In this new series of works, Rodney Graham continues to play as a modernist painter. Drawing on the vocabulary of 20th century art, he splices together different styles, from Braque and Picasso, to Rodchenko and Fontana.
The works on view evolved out of the paintings created by Graham for his lightbox, Vacuuming the Gallery, 1949 (2018). Each of Graham’s lightboxes involve a meticulously curated stage-set, with every prop, costume or backdrop carefully designed and produced. This four-panelled work, exhibited at Lisson Gallery during Frieze London 2018, depicts a pipe-smoking mid-century art dealer vacuuming his gallery, perhaps before an opening. Surrounding the dealer in his faux-gallery are a series of paintings that make up his new exhibition. These works were created by Graham to represent the abstract paintings that would have been radical, and represented by such an art dealer at the time, post-World War II. Graham even commissioned individual frames appropriate for the era. The language of these paintings was inspired by a single drawing from 1940 by Rodchenko, painted on canvas with gesso and sand, referencing this use by modernist artists from Picasso to Dubuffet, but layering the paint to create new textures.

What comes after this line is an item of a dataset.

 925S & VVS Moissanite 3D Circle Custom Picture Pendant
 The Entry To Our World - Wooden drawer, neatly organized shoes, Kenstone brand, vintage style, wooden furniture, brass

Previous and recent painting series by Graham are also referenced throughout, including Possible Abstractions, based on a 1950s cartoon from a men’s magazine lampooning modern art; the Psychomania Variations, variants on a prop modernist painting in one of the sets of a 1970s British biker movie; the Inverted Drip Paintings that evolved from The Gifted Amateur lightbox, picturing an amateur painter inspired by a Morris Louis exhibition in 1962; and a series of recent polka dot relief paintings. Sampling aspects of these paintings, Graham has created a new style, with various new modernist compositions.
Watch a video of Graham in the studio discussing this body of work here.
Rodney Graham pulls at the threads of cultural and intellectual history through photography, film, music, performance and painting. He presents cyclical narratives that pop with puns and references to literature and philosophy, from Lewis Carroll to Sigmund Freud to Kurt Cobain, with a sense of humour that betrays Graham’s footing in the post-punk scene of late 1970s Vancouver. The nine-minute loop Vexation Island, 1997, presents the artist as a 17th-century sailor, lying unconscious under a coconut tree with a bruise on his head; after eight and a half minutes he gets up and shakes the tree inducing a coconut to fall and knock him out, and for the sequence to start again. Graham returns as a cowboy in How I Became a Ramblin’ Man, 1999, and as both city dandy and country bumpkin in City Self/Country Self, 2001 – fictional characters all engaged in an endless loop of activity. Such dream states and the ramblings of the unconscious are rooted in Graham’s earlier upside-down photographs of oak trees. Inversion, Graham explains, has a logic: ‘You don’t have to delve very deeply into modern physics to realise that the scientific view holds that the world is really not as it appears. Before the brain rights it, the eye sees a tree upside down in the same way it appears on the glass back of the large format field camera I use,’ 2005.




Established in 1967 in London, Lisson Gallery is one of the most well-known galleries operating globally. Boasting an influential and continuing legacy, including playing a pivotal role in the careers of many pioneers of historically important art movements, the gallery works with some of the most significant contemporary artists today.